My dear Kacvey,

What a Friday 2 December 2016 in the City of Tonlé Buon Mouk! A day to remember for a long time to come, whether it will have good or bad consequences for the future of Khmer Politics.

By now the excitement has already subsided but each headquarters is undoubtedly busy to figure out what would be the next move by the other party. This doesn’t have the same thrill of the 2016 World Chess Championship between Magnus Carlsen and Sergei Karyakin on Wednesday 30 November 2016, but the surprise factor was so great that, exceptionally, the local media had to go out of the way to put the news online not to be outdone by social media.

For records, the Associated Press carried a breaking news that came out of the clear blue sky on 2 December 2016 that: HUN SEN STIRS POLITICAL POT WITH PARDON FOR DEPUTY OPPOSITION LEADER.
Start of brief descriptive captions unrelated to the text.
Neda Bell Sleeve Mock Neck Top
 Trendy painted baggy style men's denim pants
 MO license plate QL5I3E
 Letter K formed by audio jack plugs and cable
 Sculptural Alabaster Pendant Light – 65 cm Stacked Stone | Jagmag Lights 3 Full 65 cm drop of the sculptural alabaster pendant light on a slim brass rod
So, Kacvey, you must have already read or heard tons of comments by radio/TV stations, newspapers, social media, pundits, politicians, spinners and even some ordinary men and women. But, for our part, let turn over a few stones with these questions:
– Why the royal pardon on 2 December 2016?
– Where does the pardon lead to?
– Is the pardon an end of itself, or just a temporary arrangement to serve the cause of expediency?
– Whose victory is this, if victory there is?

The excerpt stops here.